Project Purpose
I created this project as a fun way to build my skills in PowerBI, and practice web scrapping.
Project Idea
This project blends two of my favorite things together, soccer and data. I want to report each position's best players using data from Major League Soccer. The positions would be split into forwards, midfielders, defenders, and goalkeepers. Each position would have unique identifiers for the best player. For example, the forwards would be based on their average (mean) goals scored per season while the midfielders would be based on their average assists per season. Users shall be able to navigate between different positions and be able to select specific players to see additional statistics.
Python
(EDA and Cleaning)
PowerBI
(Dashboarding)
EDA consisted of understanding the meanings behind column headers, assessing null entries, recognizing keys, and noting important columns.
I merged tables such as the players' table to the keepers' table to find out how many times a defender's goalkeeper was scored on (hence the defender was scored on).
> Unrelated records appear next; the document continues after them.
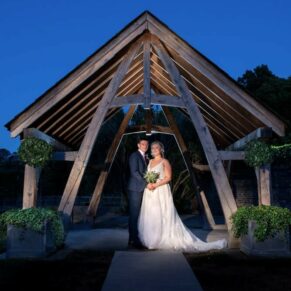 Dramatic floodlit night shot of the newlyweds in the grounds of the Tudor Barn in Burnham 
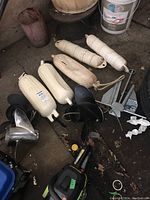 Assorted boat fenders, propellers, anchor on shed floor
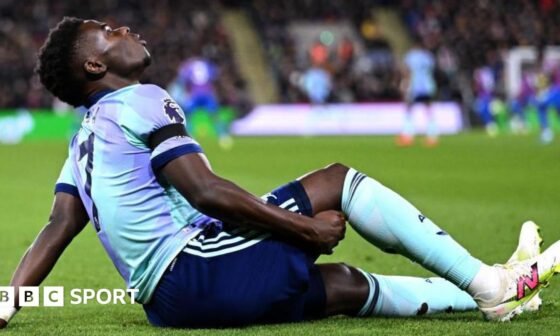 Arsenal's Bukayo Saka holds the back of his leg as he sits on the field after suffering an injury against Crystal Palace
The data used for the current dashboard was previously scraped by the profile user connected to the Kaggle link. I would like to personally scrape this information or access it through an API. This will allow me to update the data and build my confidence in the correctness of the data.
I would like to show the faces of the selected player, but I do not want to overcrowd the dashboard. Pictures of the players should be a simple web scrape of the MLS site.
Currently, the dashboard is only a summary of MLS data. I would like to develop further insights about this data such as:
Which clubs have the best history of each position?
Do clubs with a low amount of goals scored tend to be scored on less?
Do clubs with a high amount of goals scored tend to be scored on more?